To understand how CA-MRSA is evolving in complexity and spreading geographically, Dr. DeLeo's group sequenced the genomes of 10 patient samples of the USA300 bacterium recovered from individuals treated at different U.S. locations between 2002 and 2005. They then compared these genomes to each other and to a baseline USA300 strain used in earlier studies. Eight of the 10 USA300 patient samples were found to have nearly indistinguishable genomes, indicating they originated from a common strain. The remaining two bacteria were related to the other eight, but more distantly.

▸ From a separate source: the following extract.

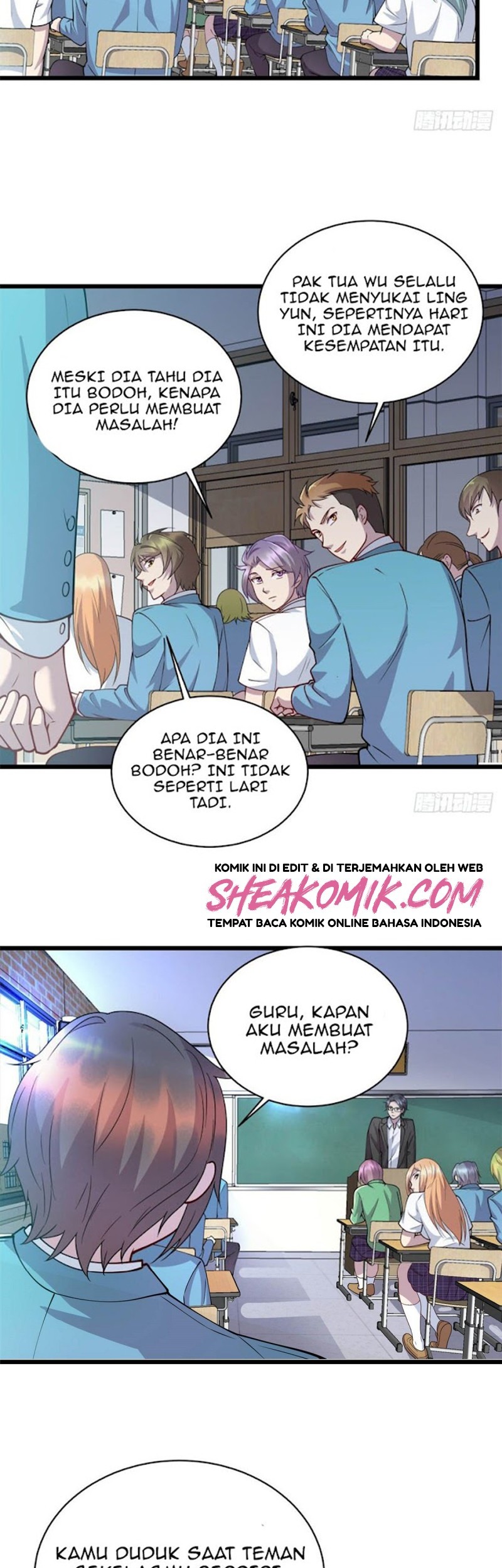 Dragon Emperor Martial God Chapter 11 - halaman 11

Interestingly, of the eight nearly indistinguishable USA300 patient samples, two caused far fewer deaths in laboratory mice than the others, highlighting an emerging view that tiny genetic changes among evolving strains can profoundly affect disease severity and the potential for drug resistance to develop.

"The USA300 group of strains appears to have extraordinary transmissibility and fitness," says Dr. DeLeo. "We anticipate that new USA300 derivatives will emerge within the next several years and that these strains will have a wide range of disease-causing potential." Ultimately, Dr. DeLeo and his colleagues hope that the work will lead to the development of new diagnostic tests that can quickly identify specific strains of MRSA.

Fred C. Tenover, Ph.D., of the Centers for Disease Control and Prevention in Atlanta (CDC) contributed the 10 USA300 clinical isolates from CDC's Active Bacterial Core Surveillance system. Other study collaborators included Barry N. Kreiswirth, Ph.D., of the International Center for Public Health (ICPH) in Newark, N.J., and James M. Musser, M.D., Ph.D., of The Methodist Hospital Research Institute in Houston.

The second report, which involved scientists from RML, ICPH and Vanderbilt University Medical Center in Nashville, was recently published online in the Journal of Immunology. This study provides scientists with new details about the complex mechanisms MRSA uses to avoid destruction by neutrophils, human white blood cells that ingest and destroy microbes. When exposed to hydrogen peroxide, hypochlorous acid (the active component of household bleach) or antimicrobial proteins — all killer chemicals released by neutrophils — MRSA senses danger, escapes harm and turns the tables on the white blood cells, destroying them. Work is continuing in Dr. DeLeo's lab to understand how the bacterium senses and survives attacks by neutrophils.

NIAID is a component of the National Institutes of Health. NIAID supports basic and applied research to prevent, diagnose and treat infectious diseases such as HIV/AIDS and other sexually transmitted infections, influenza, tuberculosis, malaria and illness from potential agents of bioterrorism. NIAID also supports research on basic immunology, transplantation and immune-related disorders, including autoimmune diseases, asthma and allergies.